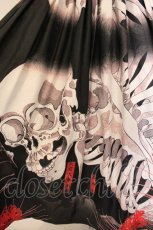 画像4: Royal Princess Alice / 新がしゃどくろ　ロングドレス  クロ×アカ O-26-05-04-103-LO-OP-OW-OS (4)
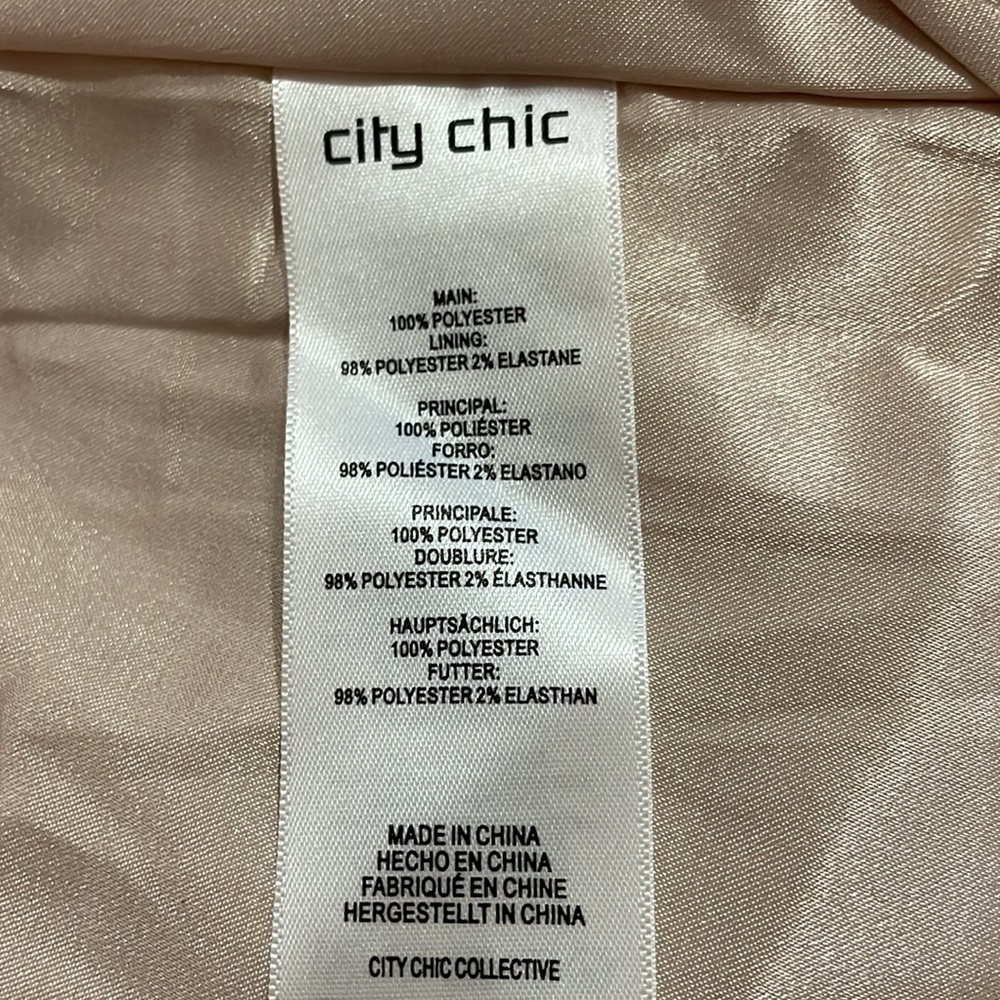 City Chic Passion Maxi Dress in Gardenia SZ 18 NWT - Picture 6 of 7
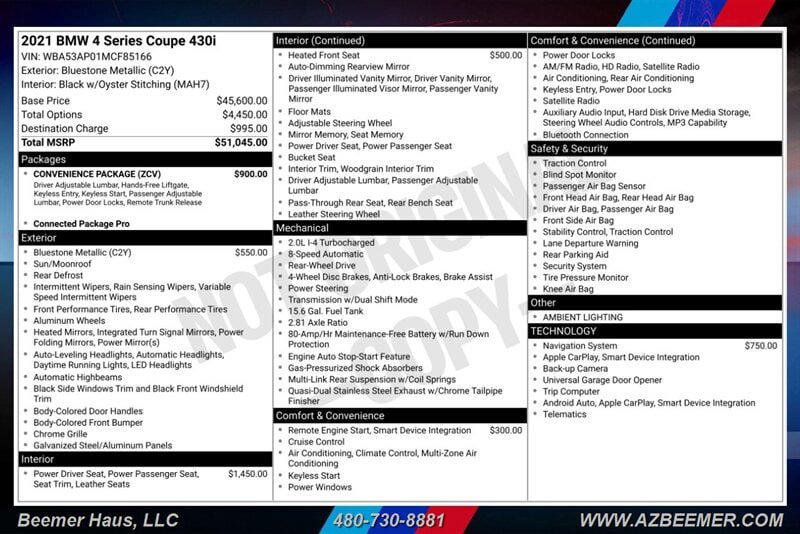 Used 2021 BMW 430i Coupe w/ Convenience Package RWD image 3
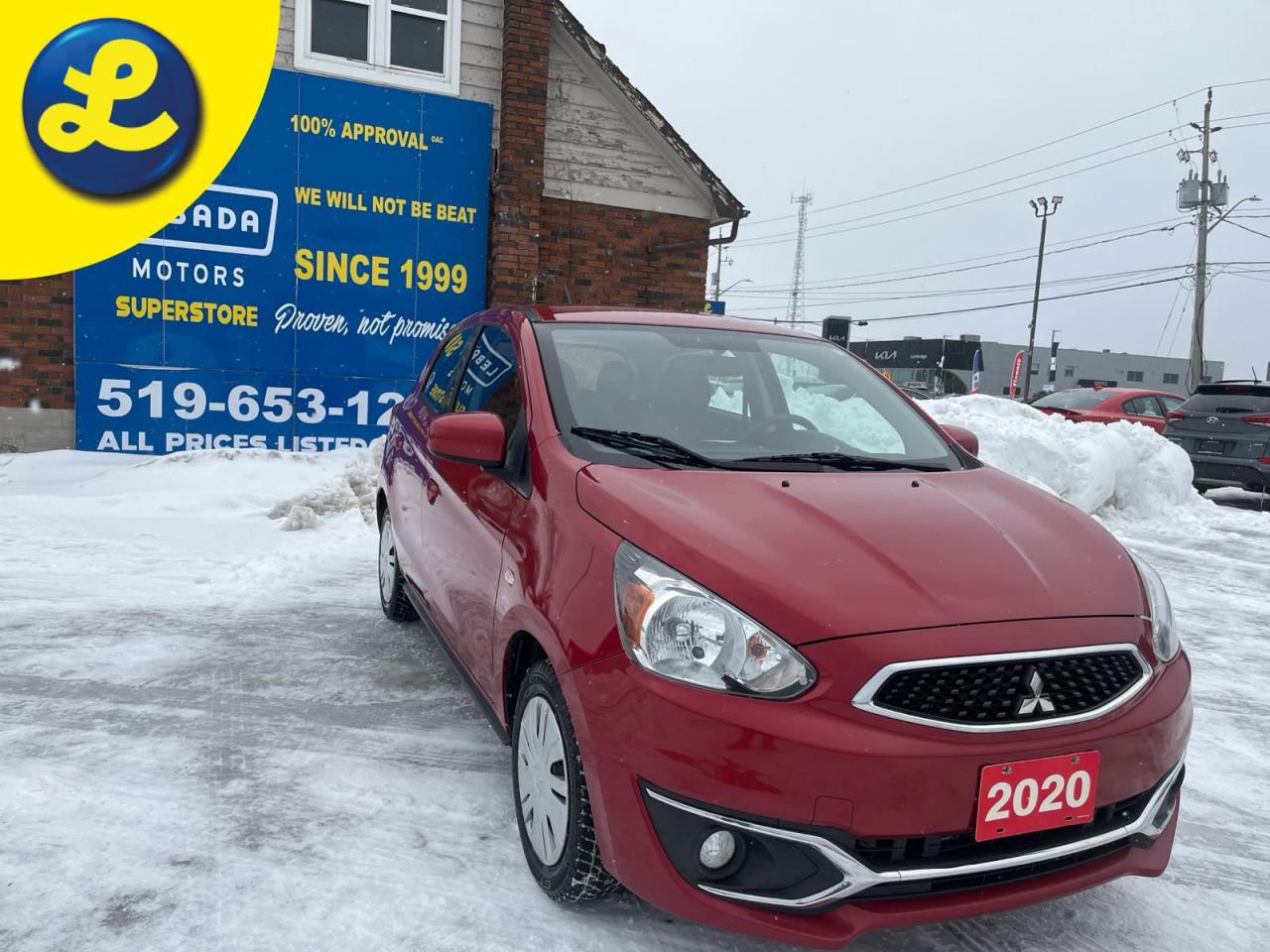 Used 2020 Mitsubishi Mirage Keyless Entry * Backup Camera * Apple CarPlay/ Android Auto * Power Locks/Windows/Side Mirrors * Steering Controls * Cruise Control * Voice Recognitio for sale in Cambridge, ON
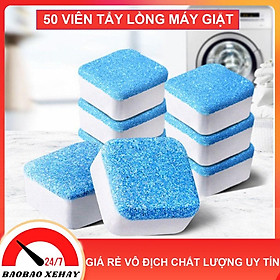 48, 24, 12 VIÊN TẨY VỆ SINH LỒNG MÁY GIẶT DIỆT KHUẨN VÀ CHẤT CẶN LỒNG GIẶT HIỆU QUẢ 206858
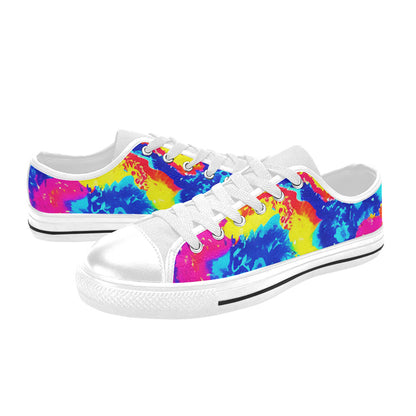 MEN'S Tie Dye Splash Retro Canvas Surreal Sneakers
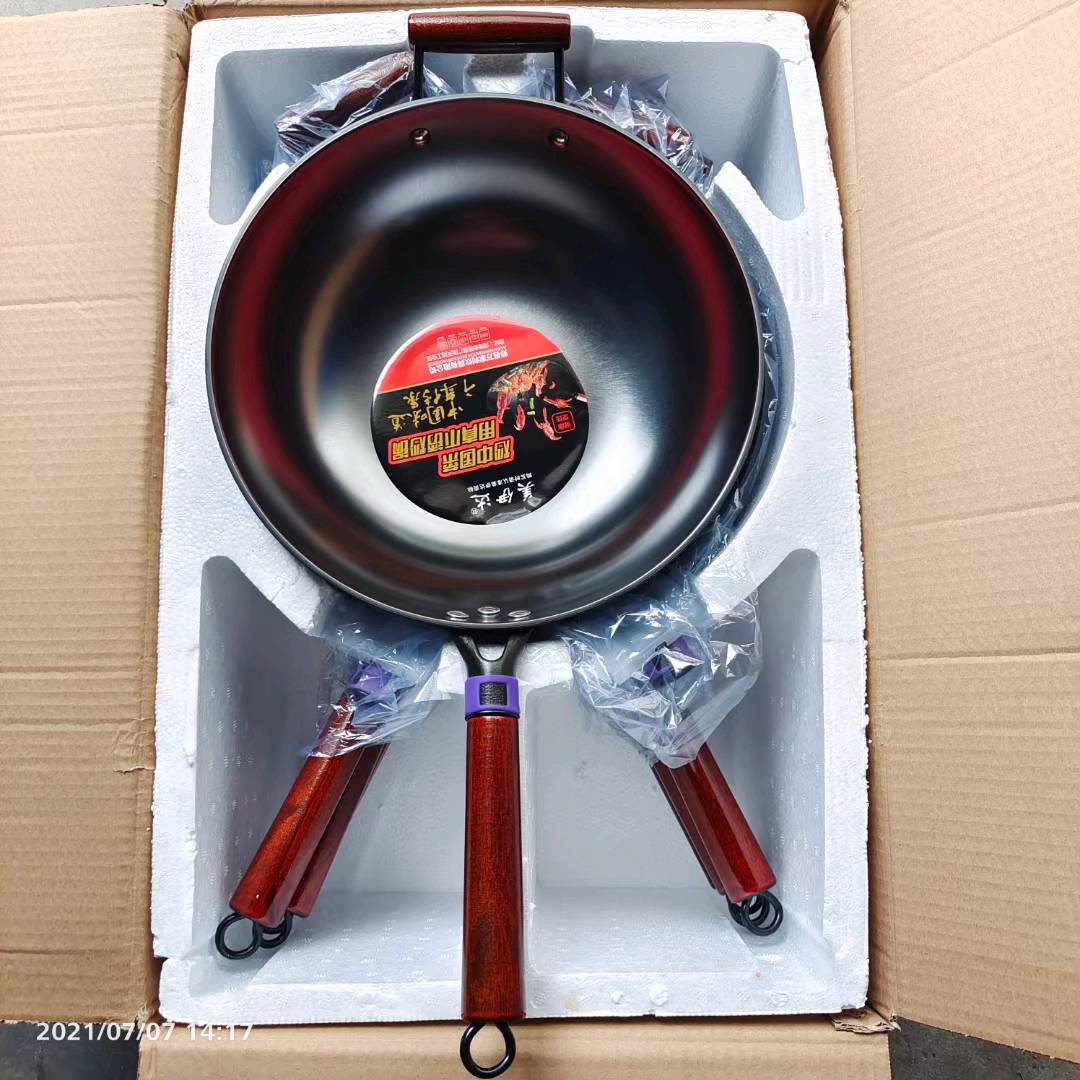 Real cast iron (pig iron), Chinese style cast iron, stainless steel wok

•••••

*Task*.
Repeat only the lines from the one holding "Used 2020 Mitsubishi" through the last line of the data, inclusive. Keep the pictures out.

*Exercise answer*.
 Used 2020 Mitsubishi Mirage Keyless Entry * Backup Camera * Apple CarPlay/ Android Auto * Power Locks/Windows/Side Mirrors * Steering Controls * Cruise Control * Voice Recognitio for sale in Cambridge, ON
 48, 24, 12 VIÊN TẨY VỆ SINH LỒNG MÁY GIẶT DIỆT KHUẨN VÀ CHẤT CẶN LỒNG GIẶT HIỆU QUẢ 206858
 MEN'S Tie Dye Splash Retro Canvas Surreal Sneakers
 Real cast iron (pig iron), Chinese style cast iron, stainless steel wok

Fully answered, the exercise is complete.